A proposta, no entanto,
preocupa o Ministério Público e o TCU. Um pedido formal de esclarecimentos foi
encaminhado. “É preciso que ele apresente as justificativas legais, técnicas e
sobretudo, quais as vantagens econômicas de um acordo como esse”, disse o
procurador junto ao TCU, Marinus Marsico.
Uma das principais questões é
a inclusão da Octapharma. Citada na Operação Máfia dos Vampiros – desencadeada
em 2014 para investigar um grupo de laboratórios que combinavam tarifas para
fraudar licitações de derivados de sangue –, a empresa suíça foi condenada no
ano passado pelo Conselho Administrativo de Defesa Econômica (Cade) por
formação de cartel. A companhia também está envolvida em acusações de corrupção
em Portugal, igualmente envolvendo o mercado de hemoderivados.
Para Barros, as acusações não
vêm ao caso: “O governo brasileiro também tem. A Hemobrás também tem.
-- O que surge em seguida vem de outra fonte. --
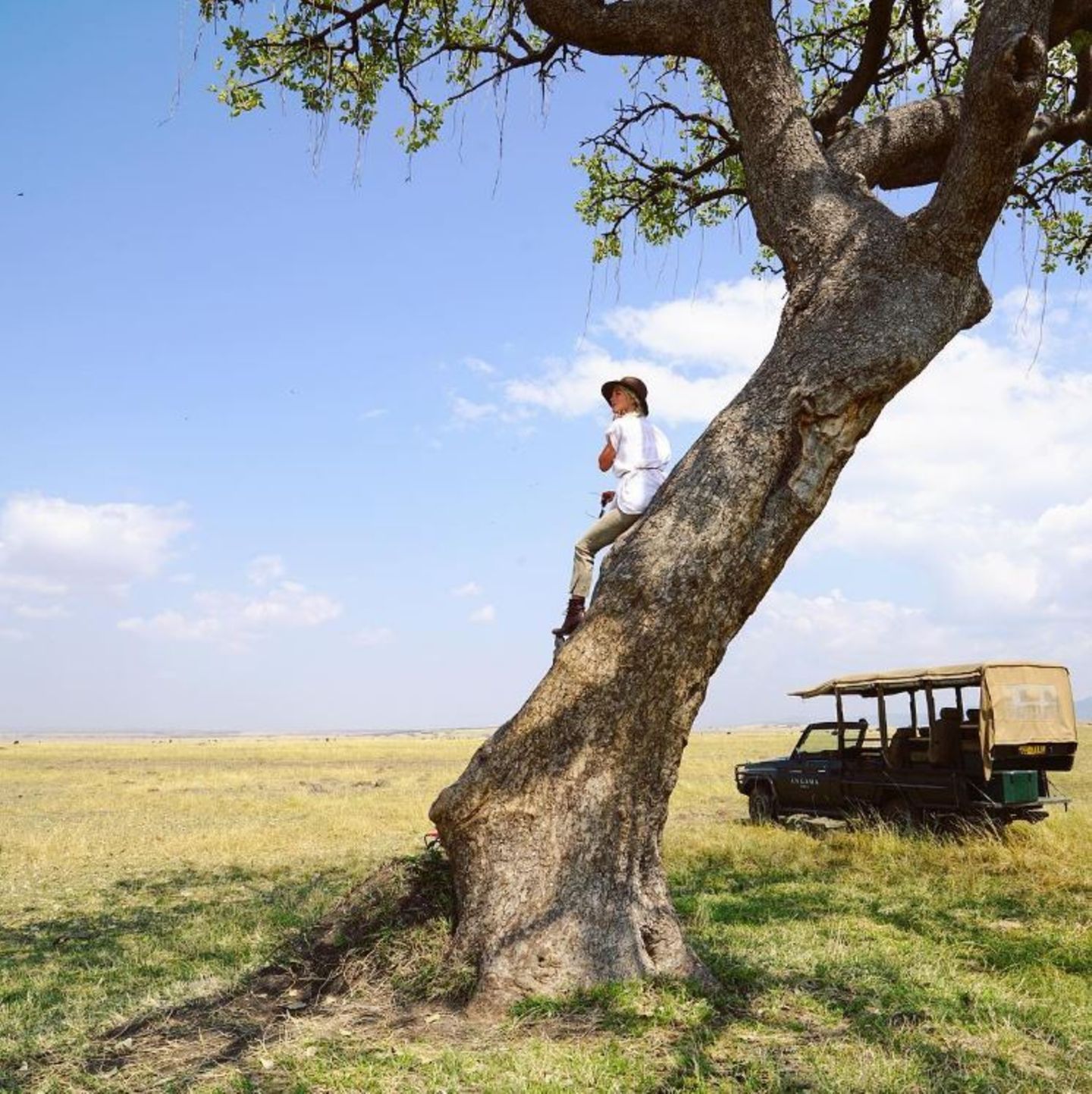 Julianne Hough + Brooks Laich  Auf in die Flitterwochen-Savanne: Julianne Hough teilt ein Foto aus dem "Masai Mara National Park" in Kenia.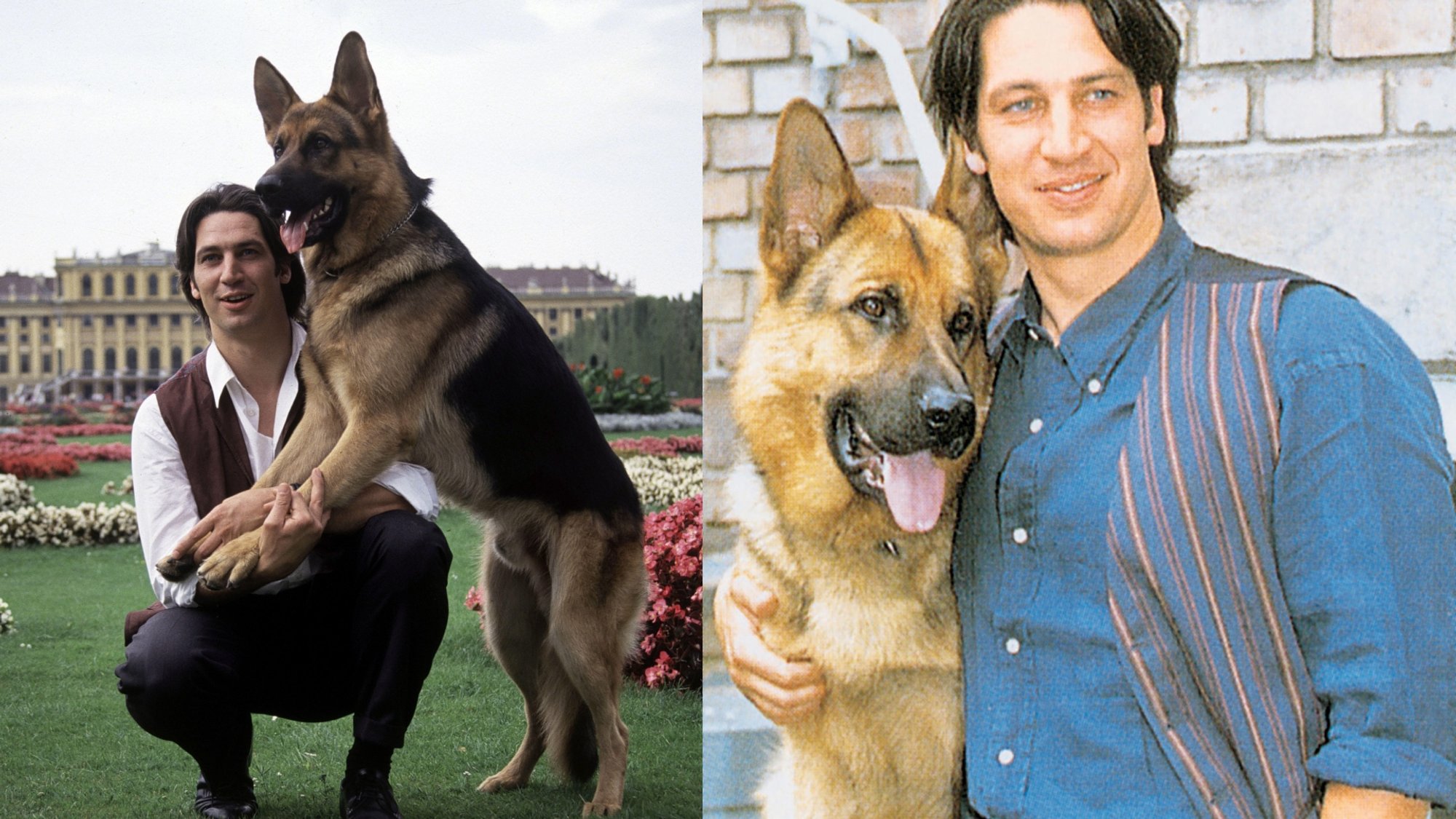 Do You Recognize Him? This Is What the Famous "Inspector Rex" Star Looks Like Today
Todos têm
problema no currículo e nem por isso a gente vai deixar de resolver o problema
do sangue no Brasil”.
Pela proposta, a Octapharma
faria um investimento de US$ 500 milhões para produção de hemoderivados no
País. Os recursos seriam suficientes para adaptar e finalizar as obras no
Instituto Butantã e na Hemobrás na área de sangue, além de construir uma
fábrica na Tecpar. Hoje, o instituto do Paraná não apresenta atividades ou
estruturas na área de sangue.
Em troca, o laboratório suíço
– e o consórcio – teria o monopólio do comércio de hemoderivados até a
transferência da tecnologia. A empresa fala num empreendimento de 25 anos. O
Brasil não entraria com recursos.
Obstáculo. O maior
empecilho gira em torno da divisão de papéis no consórcio. Estão em jogo a
produção de hemoderivados com o fracionamento do plasma e hemoderivados
sintéticos, feitos a partir de tecnologia recombinante. No grupo dos
plasmáticos estão a albumina, a imunoglobulina, os fatores VIII e IX. A
biotecnologia é usada para preparar o fator VIII – mais moderno e 11 vezes mais
caro do que o seu “parente” plasmático.
Pela proposta de Barros, a
Tecpar produziria o fator VIII recombinante; Butantã e Hemobrás, os demais
produtos. O laboratório paulista e a empresa pública, porém, já deixaram claro
que não querem ficar fora do mercado de recombinante, mais moderno e mais
rentável.
O consórcio foi proposto pela
Tecpar, que tentou por duas vezes entrar na área, sem sucesso. A fábrica seria
construída do chão, e o terreno, em Maringá – terra do ministro da Saúde – foi
doado pela prefeitura. Questionado sobre eventuais privilégios à Tecpar, Barros
mostrou-se irritado: “Desenvolvi a ideia baseada numa proposta que a Tecpar
transmitiu. Todos serão sócios. É tudo o mesmo dono”.